Final answer:
To find the volume of the shape formed from a pyramid and a cuboid, calculate the volumes of each individually and then add them together. The volume of the pyramid is 6 cm³ and the volume of the cuboid is 24 cm³. Adding them together gives a total volume of 30 cm³.
Step-by-step explanation:
To find the volume of the shape formed from a pyramid and a cuboid, we need to calculate the volumes of each component separately and then add them together. Let's calculate the volume of the pyramid and the cuboid:
Pyramid:
The volume of a pyramid is given by the formula V = (1/3) * base area * height.

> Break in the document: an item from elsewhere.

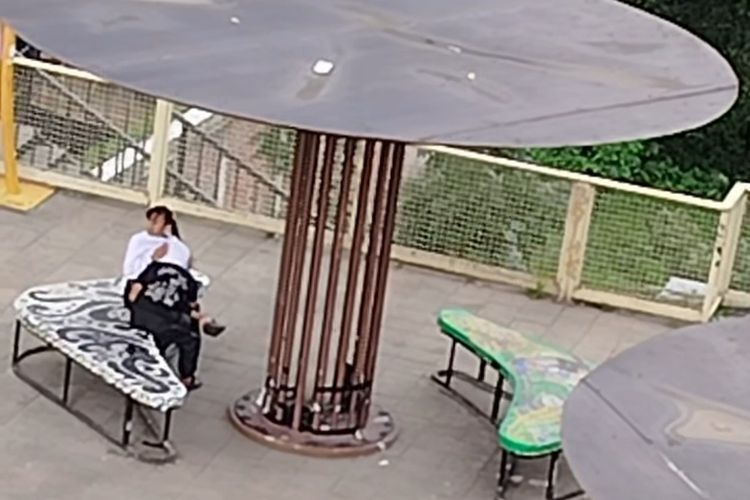 Pemuda Bandung Viral di Teras Cihampelas, Tindakan Tak Senonoh Terungkap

In this case, the base is a triangle, and its area is (1/2) * base * height.
The height of the pyramid is the slant height of the triangular face. Let's assume it is 3 cm.
The base of the triangle can be calculated using the Pythagorean Theorem, giving us a base length of 4 cm.
Plugging these values into the formula, we get V = (1/3) * (1/2) * 4 cm * 3 cm * 3 cm = 6 cm³.
Cuboid:
The volume of a cuboid is given by the formula V = length * width * height.
In this case, the length is 4 cm, the width is 2 cm, and the height is 3 cm.
Plugging in these values, we get V = 4 cm * 2 cm * 3 cm = 24 cm³.
Now, let's add the volumes of the pyramid and the cuboid together:
Total volume = 6 cm³ + 24 cm³ = 30 cm³.
Therefore, the volume of the shape formed from the pyramid and the cuboid is 30 cm³.